This blog post has charts and yours could too!
MongoDB Charts brings dynamic visualization to your data and now you can embed those live charts and graphs into web pages, apps, blogs and more. And the best part - Embedded charts are really simple to deploy.
MongoDB Charts has been out in beta for a few months now, both on Atlas and on-premises. Charts provides the simplest and fastest way to create visualizations of your data stored in MongoDB, but up until now you could only view those charts if you had access to the Charts application. That works great for small teams, but not so much in cases where you have a larger audience or if you wanted to show your charts in a specific context like in an internal business application.
Everything changes now that we’ve added Embedding to MongoDB Charts on Atlas. Once you’ve created a chart using the Charts application, you’re free to share it with anyone you want by embedding it into any web site.

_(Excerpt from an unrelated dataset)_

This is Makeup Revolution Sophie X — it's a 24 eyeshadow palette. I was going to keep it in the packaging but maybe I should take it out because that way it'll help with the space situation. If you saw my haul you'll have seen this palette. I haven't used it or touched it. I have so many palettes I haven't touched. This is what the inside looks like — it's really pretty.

Like this one! Want to find out how the weather has been in Sydney, Australia (the home of the Charts team)? Well, wonder no more! The below chart is embedded directly from MongoDB Charts and contains live data.

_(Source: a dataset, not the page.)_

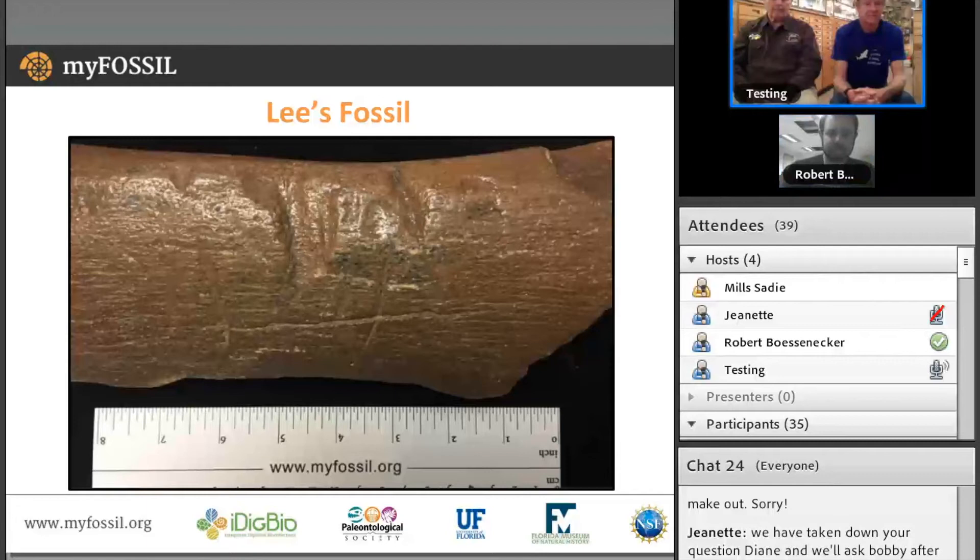We've also got with us online in our chat box University of Florida graduate student Victor Perez, who studies fossil sharks. We're going to take some time to answer questions. Victor, if you have any additional information about bite marks, go ahead and type it in the chat box and we'll share with the audience.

Let’s look at what was involved in embedding this chart. Since this is a public blog post and the data is not sensitive, I used the “Unauthenticated” authentication model for the embedded chart. To embed the chart, I simply chose “Embed Chart” from the finished chart’s ellipsis menu, and enabled Unauthenticated embedding for both the data source and chart:

Charts then helpfully provides an <IFRAME>
snippet with the chart’s URL, which you can copy and paste into your website. Since the embedding is unauthenticated, anyone can find the <IFRAME>
code in the page source, copy it and embed the chart wherever they want (try it!).
Now, you may be thinking that you want more control over who sees your charts and where they may be embedded. That's where the Verified Signature option comes in. With this option, the embedded chart needs a signature to allow it to render and you have control over who and how users get access to that signature. The following chart has been embedded using the more secure Verified Signature option:
Using this option requires a bit of extra effort, but as the name suggests it uses a digital signature for additional security. The URL to access the chart includes a timestamp and a signature, which is generated using a secret key on the server. This means that even if someone finds the URL for the embedded chart, it will stop working after a few seconds and they won’t be able to generate a new URL without the signing key.

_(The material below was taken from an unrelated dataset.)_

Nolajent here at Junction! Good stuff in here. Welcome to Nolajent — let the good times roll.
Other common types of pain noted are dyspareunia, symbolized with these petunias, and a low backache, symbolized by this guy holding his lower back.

Embedding a chart with the Verified Signature option starts out in a similar way, with the dashboard author enabling this type of embedding for both the data source and the chart:

However rather than just copying and pasting the <IFRAME>
snippet, we need to generate the required URL on the server-side. It needs to be server-side, as the secret embedding key must not be discoverable to people viewing the source of the web page. The exact approach for generating the signature will depend on your chosen backend (e.g. Node, Java, C#), but ultimately it comes down to just a few lines of code to generate a signature using the HMAC algorithm. To help you out, we’ve created a Github repo of samples for various languages. In this blog post, we’ve used MongoDB Stitch as our backend - the code for this is included in the sample repo too.
We’re really excited about the potential for our new embedding features to make MongoDB Charts useful in a variety of new scenarios. Please give it a go, and we look forward to hearing your feedback.